Causing Chaos

Matthew Moon
Just Eat Takeaway-tech
8 min readNov 14, 2022

At Just Eat we’re always looking at ways to improve. Chaos engineering is something that has been around for a while and here at Just Eat we’ve been looking into how we can incorporate it into our ecosystem. But why do Chaos Engineering? What are the benefits?

Chaos Engineering can be defined as the discipline of experimenting on a system in order to build confidence in the system’s capability to withstand turbulent conditions.

Chaos Engineering 101 — Chaos Engineering is not about causing Chaos!

At the end of the day all systems are user-centric and what users want is reliability and high feature velocity. Getting the balance right between these two things is what builds trust and confidence in your product and helps with customer retention and ultimately building a successful business.

So how does Chaos Engineering help to deliver the dream of achieving this illusive perfect balance of reliability and features? It uncovers “Dark Debt”.

Dark debt is found in complex systems and the anomalies it generates are complex system failures. Dark debt is not recognisable at the time of creation. Its impact is not to foil development but to generate anomalies. It arises from the unforeseen interactions of hardware or software with other parts of the framework. There is no specific countermeasure that can be used against dark debt because it is invisible until an anomaly reveals its presence.¹

Dark Debt can be found in every part of a system (see table below) and is analogous to Dark Matter. Dark matter has detectable effects on the world but cannot be seen or detected directly. Matter that can be seen and measured directly accounts for only about 15% of the mass of the universe; the remaining 85% is dark matter.

Parts of the system where Dark Debt can be found.

What must be understood about modern software systems is that they are extremely complex and in most cases chaotic. The Cynefin diagram, which is used within the Cynefin decision making framework, illustrates this point. For most systems of some complexity which operate in a micro services environment it is desirable to reach the complex region, if you reach the Complicated region you can consider yourself either outrageously successful or delusional. We must realise that as the size and complexity of a system increases its rate of failure also increases as new Dark Debt is unavoidably added to the system meaning there is an ever-growing invisible force pushing you towards Chaos.

Cynefin diagram

Something which should be understood about most humans is that we like to introduce complexity into a system. There are a multitude of reasons for this including misunderstanding the problem and exploration, or others may suggest more sinister reasons such as ego and job protection. Although these are all potential reasons for overly complex systems, the main reason why we tend to see over engineered systems is because we have an innate desire to create and solve puzzles, something which can be exacerbated by the fact that we are bored of the business problems and we want to make our work more interesting!

How does Chaos Engineering Help us Make Sense of this Chaos?

The key thing about chaos engineering is that it is an opportunity to learn in a more controlled environment. Typically most companies are reactive to Dark Debt, what Chaos Engineering allows you to do is to become proactive, therefore you uncover these issues before your customers do!

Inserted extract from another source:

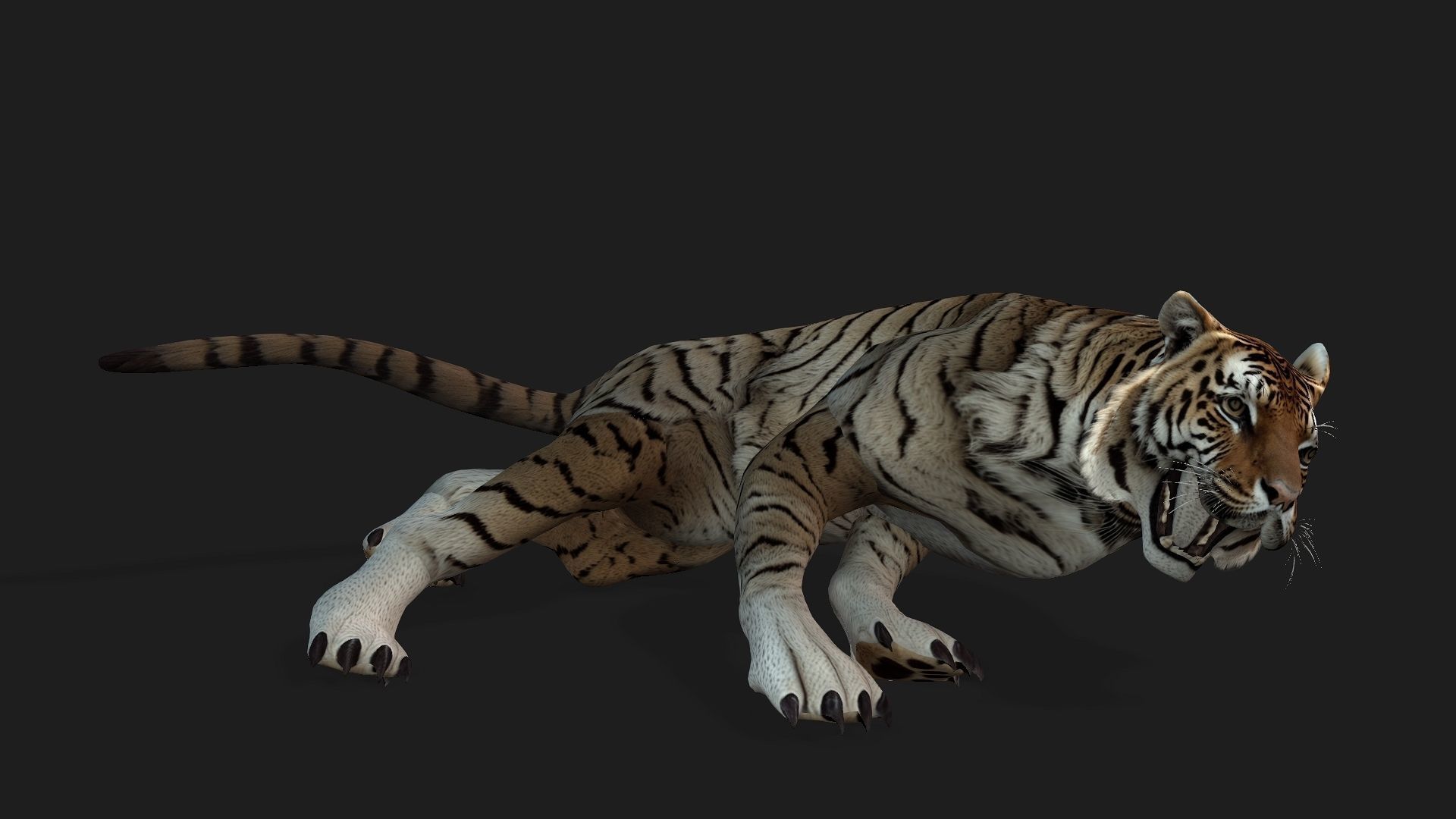 Tiger A3 3D model_18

Let’s consider the following learning loops:

This is a typical learning loop for most companies. The learning normally happens after an outage has occurred, or does it? In most cases an outage causes panic and often a knee-jerk reaction which doesn’t always lead to the best environment to learn and ultimately to the optimal solution to a problem.

This is the learning loop created by Chaos Engineering. When we do Game Days or automated chaos experiments we are doing so in a controlled environment. People will still be on-edge and you want that to be the case as you want them to feel the pain that Dark Debt creates as this will give them “skin in the game” and will ultimately make them care about the issues which surface. However people can also feel somewhat protected by the Chaos Engineering bubble which should lead them to better solutions to the problems they face.

Game Days

Game days are where we put all of our theory into practice. They don’t actually require any tooling, just bravery! However there are a number of prerequisites.

How do you know your system is normal?

Without this, you cannot effectively do chaos engineering. You must be able to tell that your system is normal as this is how you are able to come-up with a “steady-state-hypothesis”.

Things which can be used to measure are :

Hypothesis Sourcing

Hypothesis sourcing does exactly what it says on the tin, it sources our hypotheses. Ideally this is done during a team whiteboard session where all possible ideas of how a system could possibly fail are put on the table. This generates what is known as your “Hypothesis Backlog”.

An example of a hypothesis is as follows:

“I believe the system will survive if the database slows down”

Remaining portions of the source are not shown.